元日にあわてて立てた目標は決して根付かないだろうと信じるので、お試し期間の一週間に吟味し、決意しているところを掲示しておく。「○○をする」という形式はおのずと努力目標にならざるをえないだろう。強い制約として日常生活をしつけるために、「○○をしない」という禁止の形式で4箇条を定義することにした。
- 副業をしない
- 新刊本を買わない
- 新しい技術に踊らされない
- 食事中にビデオをみない
副業をしない
副業を依頼されて嫌な気分はしない。「自分は名指しで依頼されるだけの実力の持ち主なのだ」といい気分にさせられる。しかしこれは単なる虚栄心である。
仮に生活に困窮してしまったとして、そのときに副業というアディショナルな選択肢を持てるのは幸福なことである。ただしいまの僕はそれを求めない。自分なりに納得のいく金額で評価をもらえている現状、それを超えて金を求めるモチベーションはわかない。

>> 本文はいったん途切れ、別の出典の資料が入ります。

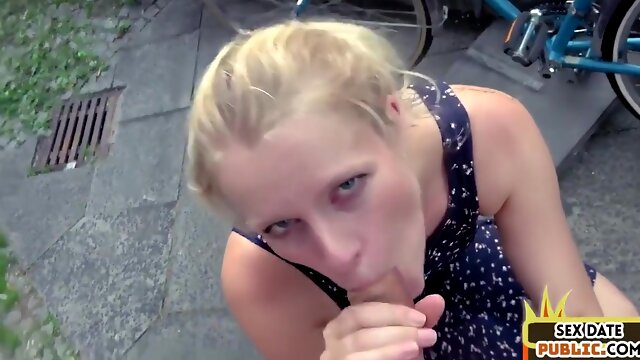 Utendørs, Se Under Skjørtet, Tysk, Synsvinkel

モチベーションとしては、稼働を増やす方向付けよりも、単価を上げる方が望ましい。少ない稼働で同じ収入を得られるのは魅力的に思う。とはいえこれは今年単年の目標にはなり得ないので、いまは考えないでおく。
新刊本を買わない
スマホブームの揺り戻しなのだろうが、本を読むことすなわち教養というやや短絡的な逆張りが目立つ。「積読」という言葉を肯定的に捉え直してみたり、「巣篭もり需要」とかにかこつけて本を売ろうとする隠然たるマーケティングも多く感じた。
出版は掛け替えのない産業と思うし、本を売りたい気持ちもわかりたいと思う。しかし怪しいブロガーや起業家に書かせた安い本からヘイト本まで、売れそうとみるや恥も外聞もなく売りにかかる姿勢は堕落そのものである。
話題先行であったり、明らかに広告が優位な出版物とは距離をおきたい。あらゆる新刊はプロモーションを伴うとして、新刊は一切買わない、と割り切ってしまうことにする。
時間の審判に耐えた書籍だけを読む。そして読むと決めたものについては精読する。1年で10冊も読めればそれでいいと思う。その体験をどれだけ豊かにできるかは読み手の僕自身にかかっているというだけの話である。
新しい技術に目を奪われない
トレンドは次々にやってくる。しかしそれらの宣伝をみても、正しく意義を理解できないことの方が多い。どんなパラダイムに属していて、どんな課題を解消する技術なのかがうまく飲み込めない。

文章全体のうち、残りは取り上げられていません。